### BRIEF
After locating the line that contains "a person in black" in the records below, write out exactly that line and each line after it through the one that contains "Red and white", and nothing else.

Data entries
◆ ◆ ◆ ◆

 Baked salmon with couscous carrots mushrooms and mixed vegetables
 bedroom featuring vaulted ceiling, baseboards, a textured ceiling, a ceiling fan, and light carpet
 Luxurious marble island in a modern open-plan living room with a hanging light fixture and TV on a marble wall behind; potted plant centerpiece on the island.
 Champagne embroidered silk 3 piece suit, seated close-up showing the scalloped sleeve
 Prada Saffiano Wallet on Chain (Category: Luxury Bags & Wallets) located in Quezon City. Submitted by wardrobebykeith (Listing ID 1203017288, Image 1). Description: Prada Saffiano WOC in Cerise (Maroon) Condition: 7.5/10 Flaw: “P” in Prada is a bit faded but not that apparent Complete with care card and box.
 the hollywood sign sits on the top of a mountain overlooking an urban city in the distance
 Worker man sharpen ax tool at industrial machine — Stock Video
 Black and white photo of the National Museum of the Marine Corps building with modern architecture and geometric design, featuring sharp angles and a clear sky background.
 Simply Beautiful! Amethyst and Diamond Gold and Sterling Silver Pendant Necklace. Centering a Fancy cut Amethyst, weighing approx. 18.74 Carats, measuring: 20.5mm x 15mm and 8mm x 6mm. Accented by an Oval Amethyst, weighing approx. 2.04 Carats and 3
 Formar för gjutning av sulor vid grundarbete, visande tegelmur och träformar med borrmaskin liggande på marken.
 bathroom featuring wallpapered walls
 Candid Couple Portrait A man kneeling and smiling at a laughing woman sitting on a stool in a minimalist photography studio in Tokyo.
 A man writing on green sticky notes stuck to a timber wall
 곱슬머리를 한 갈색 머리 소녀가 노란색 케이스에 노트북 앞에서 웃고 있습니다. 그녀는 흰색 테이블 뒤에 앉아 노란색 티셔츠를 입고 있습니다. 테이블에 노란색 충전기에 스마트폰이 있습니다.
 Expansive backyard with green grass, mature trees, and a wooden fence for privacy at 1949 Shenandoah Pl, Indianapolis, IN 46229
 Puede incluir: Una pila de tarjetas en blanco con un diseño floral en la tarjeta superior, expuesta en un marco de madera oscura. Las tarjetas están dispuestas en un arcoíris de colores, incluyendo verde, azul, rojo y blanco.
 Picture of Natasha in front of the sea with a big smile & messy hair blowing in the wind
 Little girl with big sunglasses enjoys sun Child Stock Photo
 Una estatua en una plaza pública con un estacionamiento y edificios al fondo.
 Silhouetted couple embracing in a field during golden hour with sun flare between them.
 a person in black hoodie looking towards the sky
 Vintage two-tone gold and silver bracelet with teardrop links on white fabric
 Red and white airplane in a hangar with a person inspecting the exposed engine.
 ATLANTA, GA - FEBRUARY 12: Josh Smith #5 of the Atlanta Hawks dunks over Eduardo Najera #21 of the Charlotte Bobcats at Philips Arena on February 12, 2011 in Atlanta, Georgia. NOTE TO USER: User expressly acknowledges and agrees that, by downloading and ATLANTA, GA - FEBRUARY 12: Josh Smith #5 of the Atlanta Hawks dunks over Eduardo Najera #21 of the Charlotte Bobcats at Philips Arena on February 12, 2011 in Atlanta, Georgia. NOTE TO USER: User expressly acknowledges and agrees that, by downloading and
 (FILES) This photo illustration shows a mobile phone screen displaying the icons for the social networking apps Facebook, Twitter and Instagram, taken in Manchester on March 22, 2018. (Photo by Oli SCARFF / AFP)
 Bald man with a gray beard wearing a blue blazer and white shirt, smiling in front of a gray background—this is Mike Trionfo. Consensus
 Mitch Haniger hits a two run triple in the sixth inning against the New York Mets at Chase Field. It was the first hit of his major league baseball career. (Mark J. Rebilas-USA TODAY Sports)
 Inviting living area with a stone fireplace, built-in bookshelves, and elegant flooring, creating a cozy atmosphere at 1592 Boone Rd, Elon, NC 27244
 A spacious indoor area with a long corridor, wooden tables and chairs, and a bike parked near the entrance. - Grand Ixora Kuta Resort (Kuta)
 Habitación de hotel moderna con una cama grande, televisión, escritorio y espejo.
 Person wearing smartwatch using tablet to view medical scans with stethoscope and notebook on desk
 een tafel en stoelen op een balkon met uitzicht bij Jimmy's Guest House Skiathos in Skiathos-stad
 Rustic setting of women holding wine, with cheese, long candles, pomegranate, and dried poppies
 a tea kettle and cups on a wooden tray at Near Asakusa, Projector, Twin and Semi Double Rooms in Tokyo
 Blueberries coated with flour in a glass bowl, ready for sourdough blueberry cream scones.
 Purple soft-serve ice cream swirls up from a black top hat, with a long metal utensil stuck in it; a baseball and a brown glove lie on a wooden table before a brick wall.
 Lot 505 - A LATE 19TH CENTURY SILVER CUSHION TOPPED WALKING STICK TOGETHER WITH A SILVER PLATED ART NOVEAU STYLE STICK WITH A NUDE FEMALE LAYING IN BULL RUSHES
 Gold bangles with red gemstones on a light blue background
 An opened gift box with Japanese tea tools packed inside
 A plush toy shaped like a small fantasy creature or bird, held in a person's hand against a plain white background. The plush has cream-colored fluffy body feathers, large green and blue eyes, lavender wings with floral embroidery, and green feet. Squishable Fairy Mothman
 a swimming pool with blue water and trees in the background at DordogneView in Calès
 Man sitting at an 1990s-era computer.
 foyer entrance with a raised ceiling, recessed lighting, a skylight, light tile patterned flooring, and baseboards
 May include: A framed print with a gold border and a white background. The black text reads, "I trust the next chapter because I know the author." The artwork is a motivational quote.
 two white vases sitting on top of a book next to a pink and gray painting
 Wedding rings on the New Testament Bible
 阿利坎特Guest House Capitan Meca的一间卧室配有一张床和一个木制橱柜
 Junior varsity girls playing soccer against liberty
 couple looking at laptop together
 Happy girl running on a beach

◆ ◆ ◆ ◆

### ANSWER TO THIS TASK
 a person in black hoodie looking towards the sky
 Vintage two-tone gold and silver bracelet with teardrop links on white fabric
 Red and white airplane in a hangar with a person inspecting the exposed engine.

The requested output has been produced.